L’auteur distingue ensuite trois types de pèlerinages, les « itinéraires à pied inspirés du chemin de Saint-Jacques-de-Compostelle », et deux autres grandes catégories, « la marche de plein air et la marche sportive. […] les deux principaux ordres de raisons pour lesquels on marche au Québec : le contact avec la nature et la santé » (p. 17). Selon O’Neill, la majorité des pèlerinages depuis 1990 ont un caractère physique plutôt que spirituel, même si l’on affirme par ailleurs que la majorité des randonnées organisées ont une orientation religieuse (p. 141) ou spirituelle (p. 142) dans une « spiritualité laïque universelle plutôt qu’encadrée par une religion particulière » (p. 143). « En effet, l’Église institutionnelle a toujours regardé avec prudence, sinon suspicion, ces mouvements massifs de foules se précipitant vers des lieux remplis de merveilleux où apparitions, miracles et autres phénomènes étranges se produiraient ; et souvent, comble de l’indignation, sur d’anciens sites païens » (p. 23).

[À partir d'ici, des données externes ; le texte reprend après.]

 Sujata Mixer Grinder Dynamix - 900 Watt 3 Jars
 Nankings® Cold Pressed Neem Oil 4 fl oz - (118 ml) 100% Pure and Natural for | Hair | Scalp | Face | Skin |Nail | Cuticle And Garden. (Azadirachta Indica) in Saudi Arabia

Les historiens ont toujours su que la marche pèlerine déborde la sphère strictement religieuse, mais O’Neill constate aussi que la marche pèlerine québécoise « est en croissance » et que le participant type est « une femme dans la soixantaine provenant du Québec, habitant souvent la région d’où part le parcours » (p. 87-88).
Au cours de ses analyses, l’auteur se situe plus ou moins explicitement à l’extérieur de la religion catholique ou de toute autre religion, tout en se disant à la recherche des « énergies positives de l’univers » (p. 102). Sa définition de la marche pèlerine comme stratégie de construction de sens dans les sociétés modernes semble logique, même s’il y a une certaine incohérence à déclarer d’une part que la marche pèlerine, que ce soit au Québec ou à Compostelle, est pour la majorité des marcheurs dénuée de référence religieuse, et d’autre part que la majorité de ces marcheurs et des trajets ont une orientation religieuse. Cela laisse penser que l’auteur s’est laissé séduire par le discours sécularisant et simpliste des élites au Québec, qui range la religion au placard malgré le fait que la réalité religieuse est bien présente et vivante au Québec. De ce point de vue, ce livre est un bon témoin de la situation ambiguë de la religion dans la vie populaire du Québec contemporain. Enfin, une analyse sociologique plus poussée de la marche pèlerine aurait été souhaitable, notamment une comparaison de la situation socio-économique des pèlerins religieux avec celle des marcheurs sans religion. On peut se demander en effet si la spiritualité ou la vie séculière sans l’encadrement d’une institution religieuse n’est pas l’affaire d’une élite.